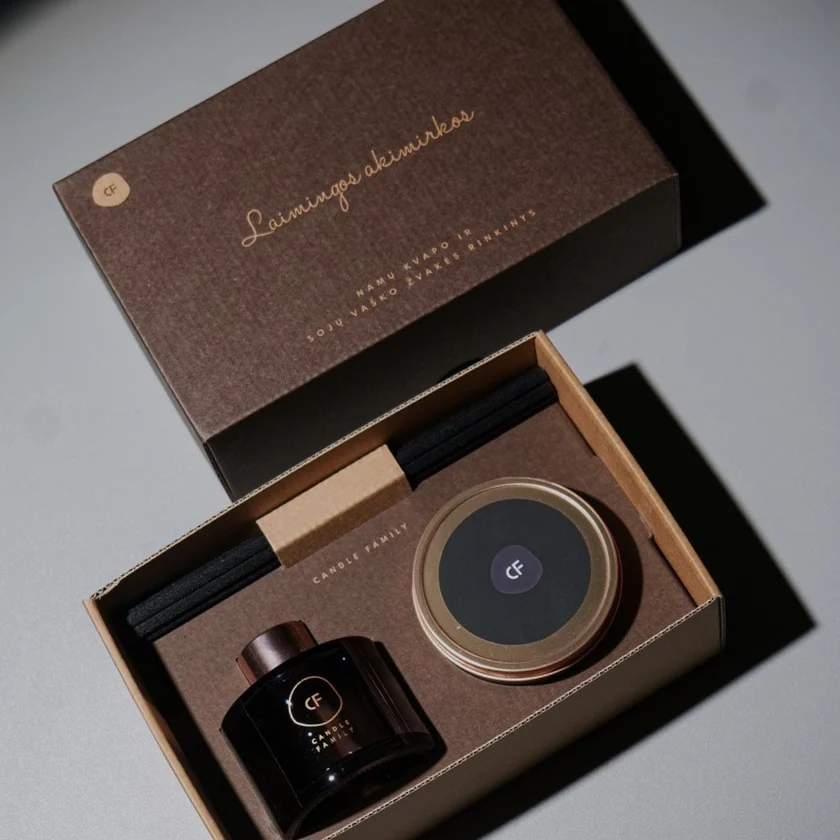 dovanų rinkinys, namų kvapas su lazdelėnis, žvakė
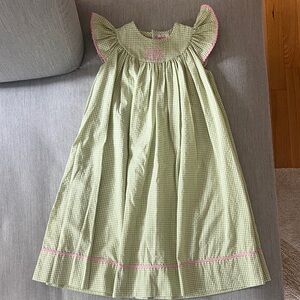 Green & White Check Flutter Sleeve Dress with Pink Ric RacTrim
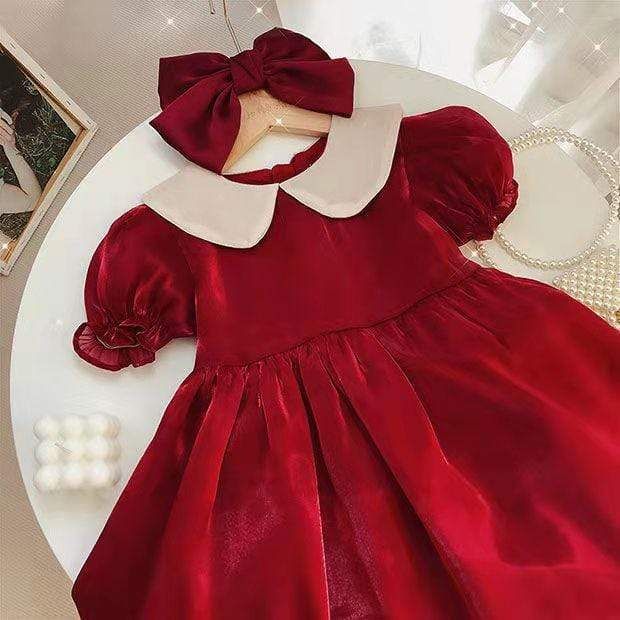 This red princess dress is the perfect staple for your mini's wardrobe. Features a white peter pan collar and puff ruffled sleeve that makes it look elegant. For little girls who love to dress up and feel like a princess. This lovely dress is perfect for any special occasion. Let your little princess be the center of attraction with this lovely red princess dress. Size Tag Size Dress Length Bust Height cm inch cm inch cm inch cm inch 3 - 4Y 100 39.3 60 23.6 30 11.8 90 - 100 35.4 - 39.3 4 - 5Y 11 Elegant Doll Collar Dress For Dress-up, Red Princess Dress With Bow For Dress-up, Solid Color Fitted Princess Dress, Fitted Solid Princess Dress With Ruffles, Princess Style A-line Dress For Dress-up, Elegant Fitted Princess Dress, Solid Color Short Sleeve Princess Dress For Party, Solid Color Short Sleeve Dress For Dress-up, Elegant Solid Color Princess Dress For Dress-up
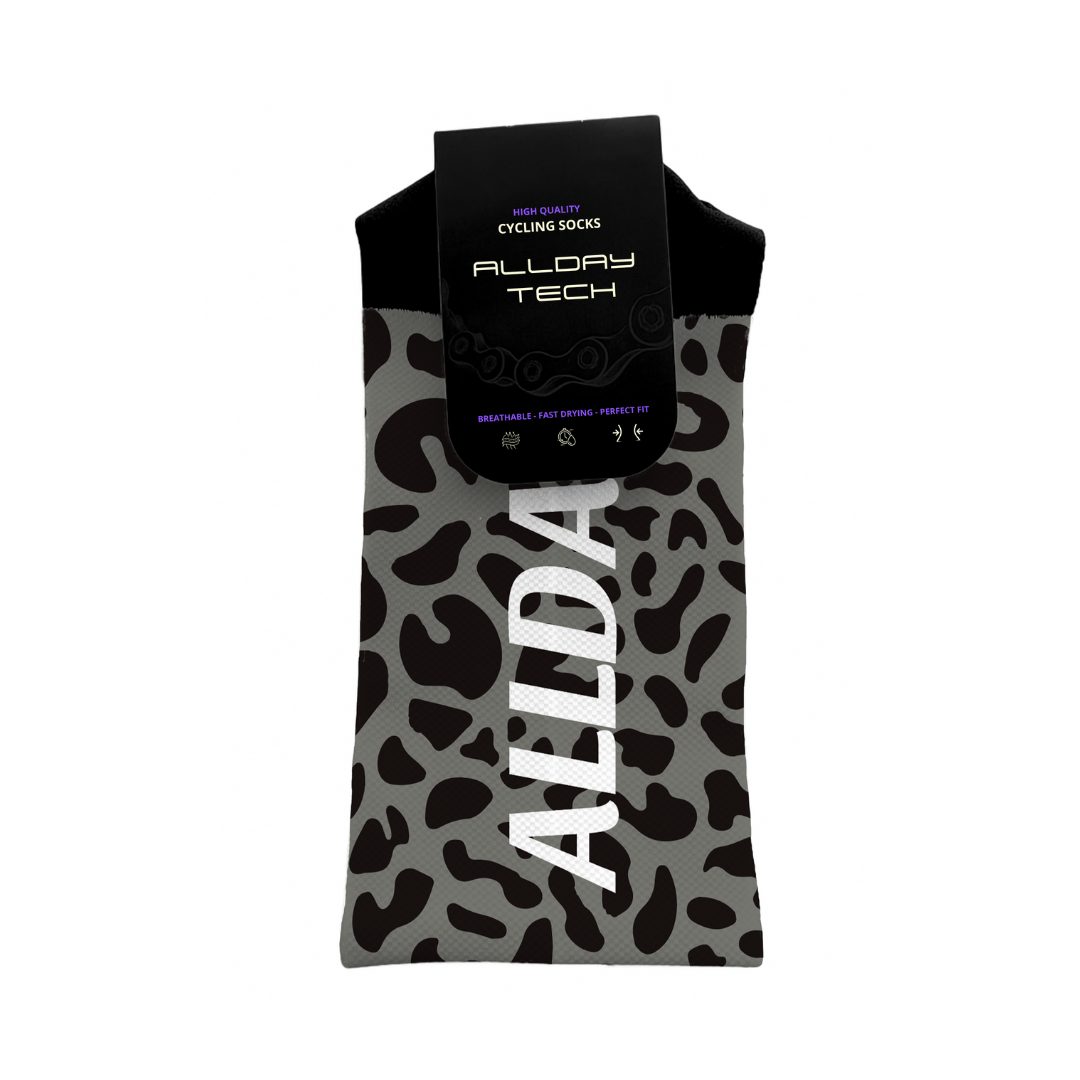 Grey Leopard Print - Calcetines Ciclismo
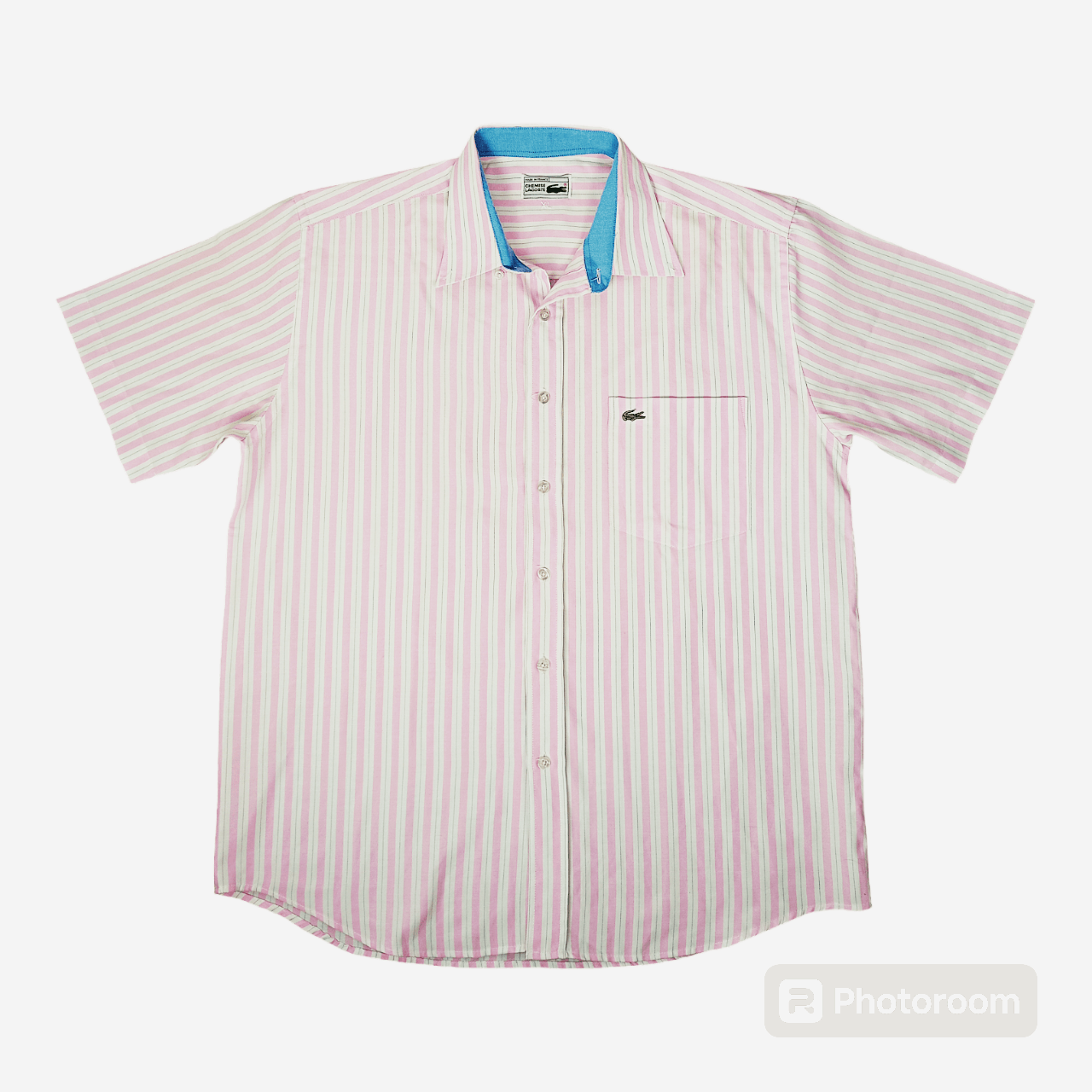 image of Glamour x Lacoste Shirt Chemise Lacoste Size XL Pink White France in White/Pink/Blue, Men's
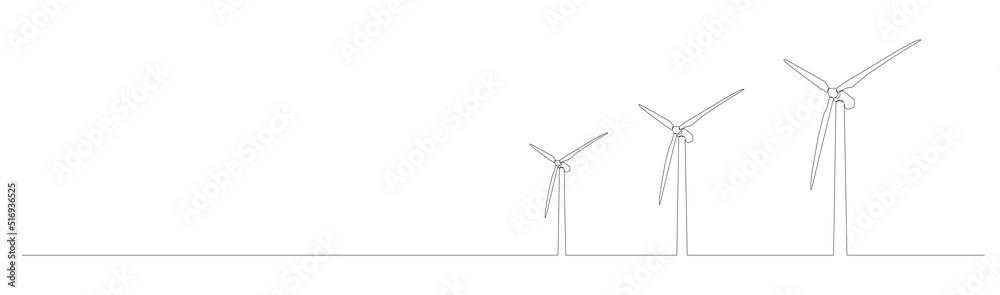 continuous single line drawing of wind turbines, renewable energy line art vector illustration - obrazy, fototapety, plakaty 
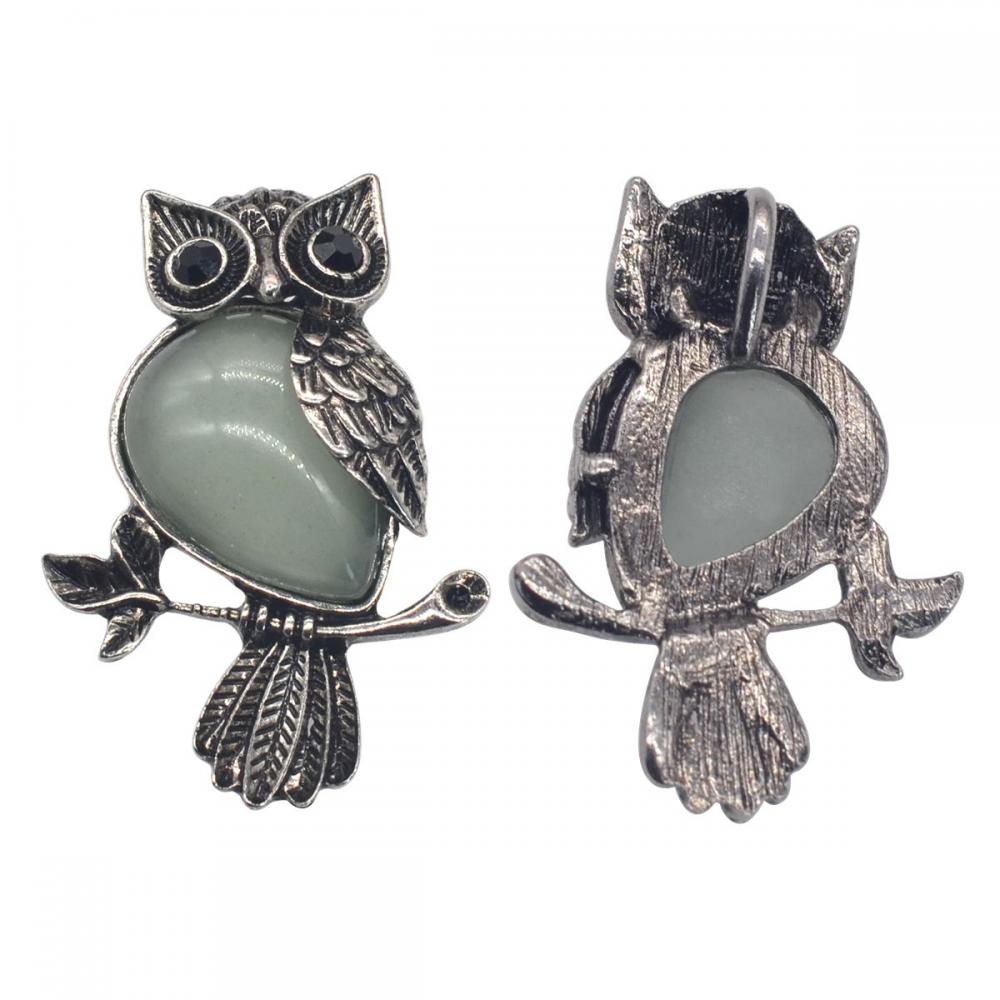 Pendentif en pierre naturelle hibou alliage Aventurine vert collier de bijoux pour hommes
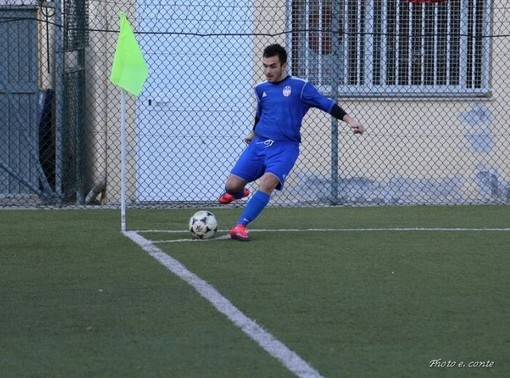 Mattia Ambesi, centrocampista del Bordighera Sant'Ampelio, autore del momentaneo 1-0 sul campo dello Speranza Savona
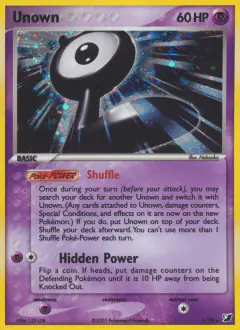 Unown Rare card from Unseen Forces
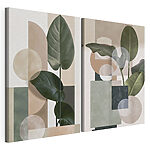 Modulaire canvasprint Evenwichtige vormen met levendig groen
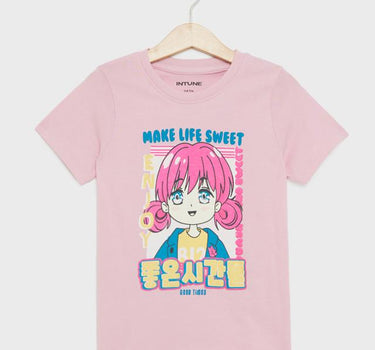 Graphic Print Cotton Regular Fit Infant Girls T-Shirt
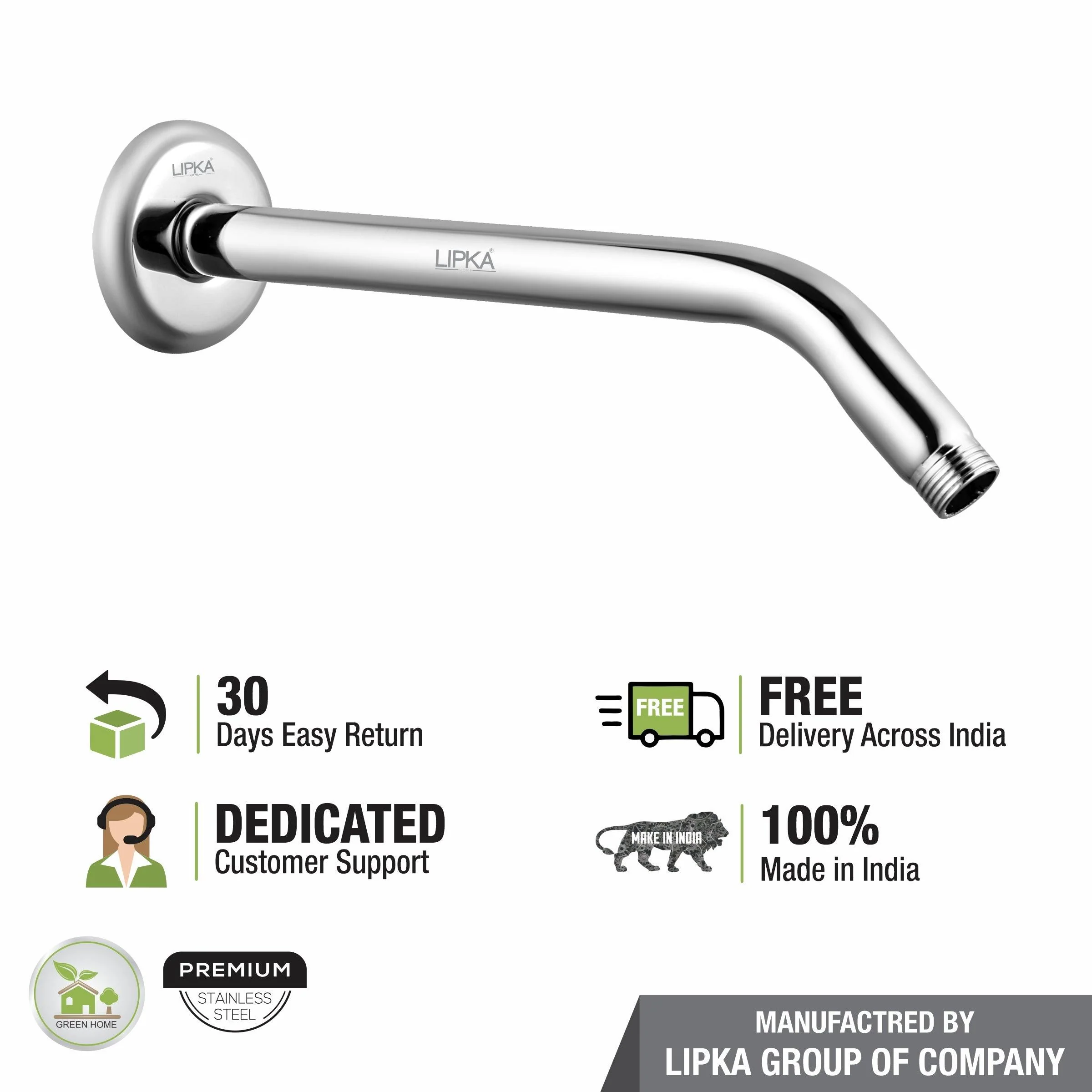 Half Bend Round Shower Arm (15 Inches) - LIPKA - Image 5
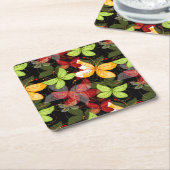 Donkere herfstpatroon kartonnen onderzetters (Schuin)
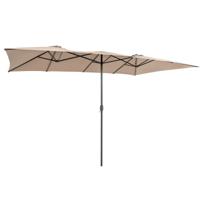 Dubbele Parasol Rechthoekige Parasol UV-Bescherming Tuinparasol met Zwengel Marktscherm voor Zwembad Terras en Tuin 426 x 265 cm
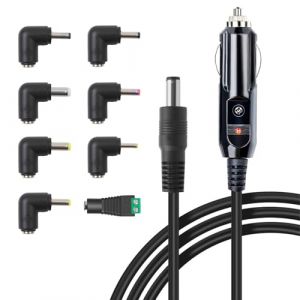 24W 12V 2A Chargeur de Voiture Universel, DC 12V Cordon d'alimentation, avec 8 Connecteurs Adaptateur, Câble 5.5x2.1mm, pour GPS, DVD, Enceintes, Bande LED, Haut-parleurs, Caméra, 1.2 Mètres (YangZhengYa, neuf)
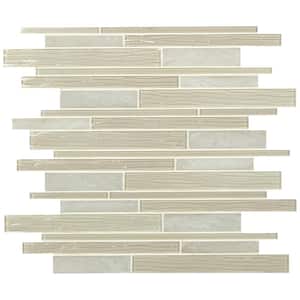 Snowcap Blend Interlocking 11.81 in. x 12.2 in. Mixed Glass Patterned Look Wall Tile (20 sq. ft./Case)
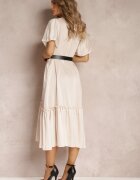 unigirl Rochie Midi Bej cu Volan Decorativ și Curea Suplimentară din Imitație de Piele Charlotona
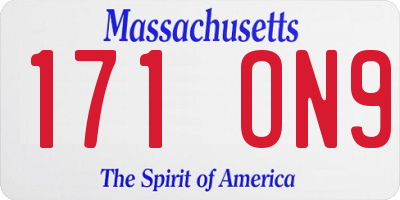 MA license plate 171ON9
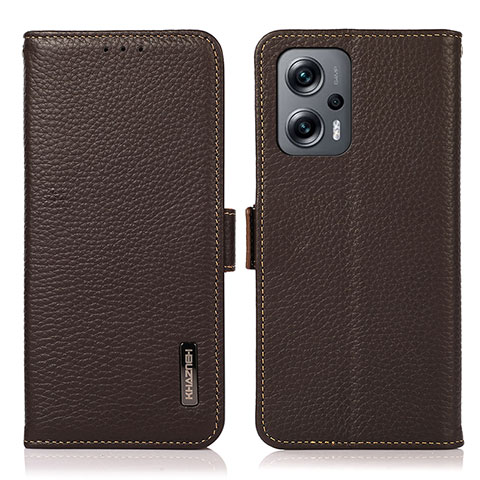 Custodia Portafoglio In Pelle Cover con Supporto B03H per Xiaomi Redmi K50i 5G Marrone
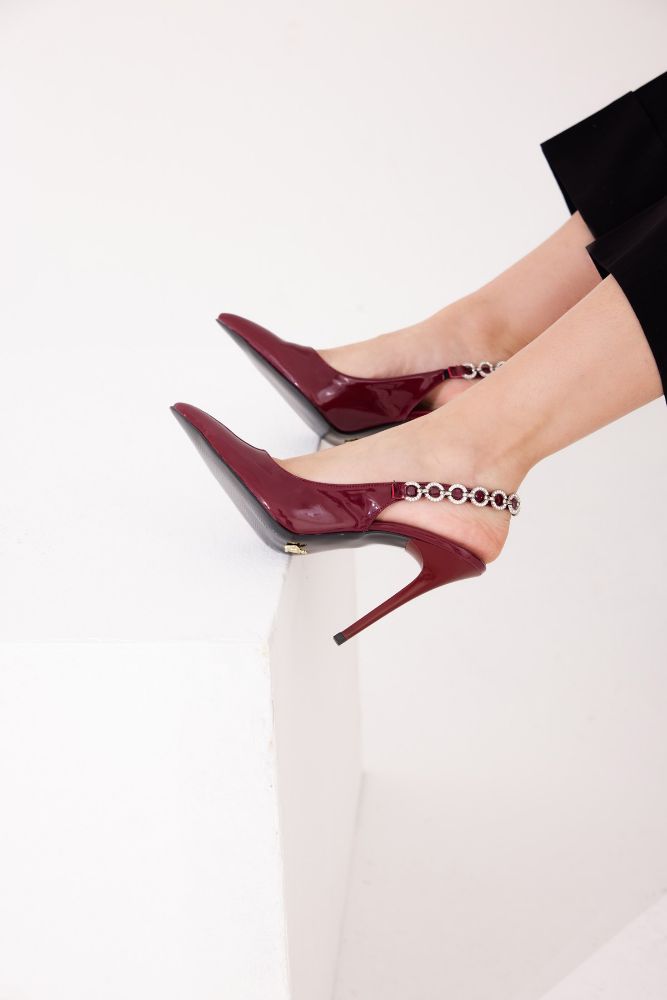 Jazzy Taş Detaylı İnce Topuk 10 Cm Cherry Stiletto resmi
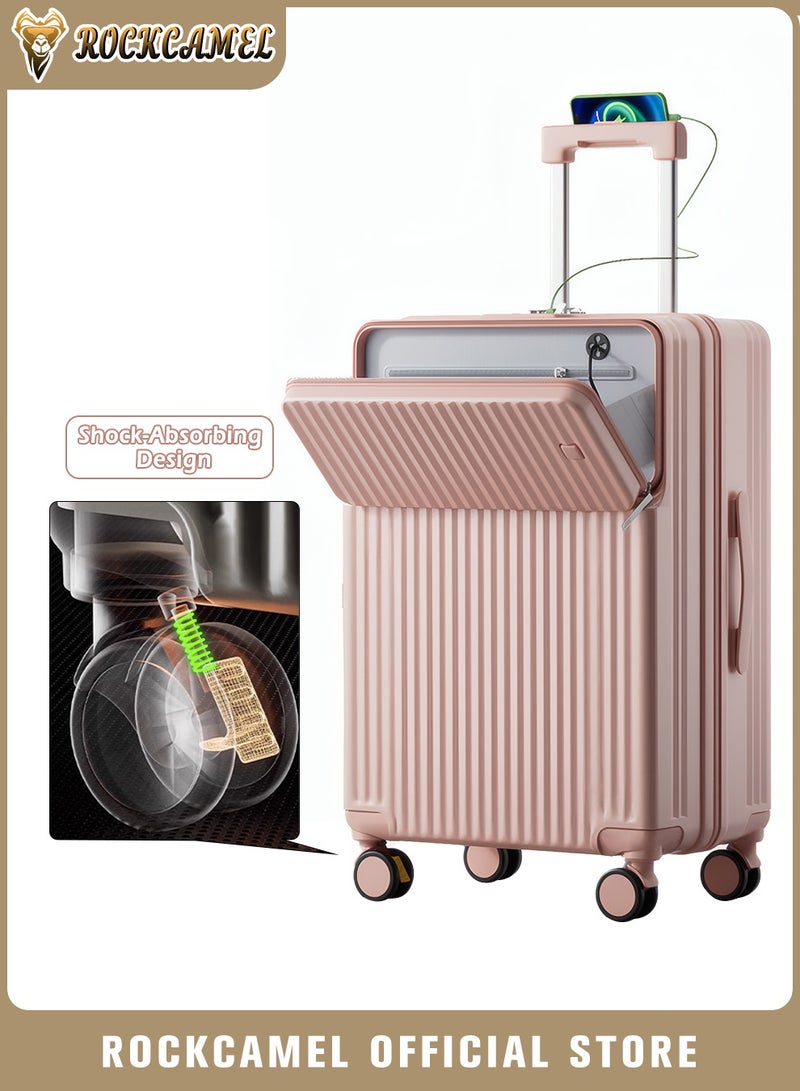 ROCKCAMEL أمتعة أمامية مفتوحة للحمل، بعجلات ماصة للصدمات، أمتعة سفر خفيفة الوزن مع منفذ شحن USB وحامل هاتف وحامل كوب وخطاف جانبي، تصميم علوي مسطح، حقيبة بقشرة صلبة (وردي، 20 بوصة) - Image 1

========

_What needs to be done:_ Please output, exactly and with no pictures, only the lines from the one containing "Pendentif en pierre" through the final line of the records above.

_Completed task:_
 Pendentif en pierre naturelle hibou alliage Aventurine vert collier de bijoux pour hommes
 Mattia Ambesi, centrocampista del Bordighera Sant'Ampelio, autore del momentaneo 1-0 sul campo dello Speranza Savona
 Unown Rare card from Unseen Forces
 Modulaire canvasprint Evenwichtige vormen met levendig groen
 Graphic Print Cotton Regular Fit Infant Girls T-Shirt
 Half Bend Round Shower Arm (15 Inches) - LIPKA - Image 5
 Donkere herfstpatroon kartonnen onderzetters (Schuin)
 Dubbele Parasol Rechthoekige Parasol UV-Bescherming Tuinparasol met Zwengel Marktscherm voor Zwembad Terras en Tuin 426 x 265 cm
 24W 12V 2A Chargeur de Voiture Universel, DC 12V Cordon d'alimentation, avec 8 Connecteurs Adaptateur, Câble 5.5x2.1mm, pour GPS, DVD, Enceintes, Bande LED, Haut-parleurs, Caméra, 1.2 Mètres (YangZhengYa, neuf)
 Snowcap Blend Interlocking 11.81 in. x 12.2 in. Mixed Glass Patterned Look Wall Tile (20 sq. ft./Case)
 unigirl Rochie Midi Bej cu Volan Decorativ și Curea Suplimentară din Imitație de Piele Charlotona
 MA license plate 171ON9
 Custodia Portafoglio In Pelle Cover con Supporto B03H per Xiaomi Redmi K50i 5G Marrone
 Jazzy Taş Detaylı İnce Topuk 10 Cm Cherry Stiletto resmi
 ROCKCAMEL أمتعة أمامية مفتوحة للحمل، بعجلات ماصة للصدمات، أمتعة سفر خفيفة الوزن مع منفذ شحن USB وحامل هاتف وحامل كوب وخطاف جانبي، تصميم علوي مسطح، حقيبة بقشرة صلبة (وردي، 20 بوصة) - Image 1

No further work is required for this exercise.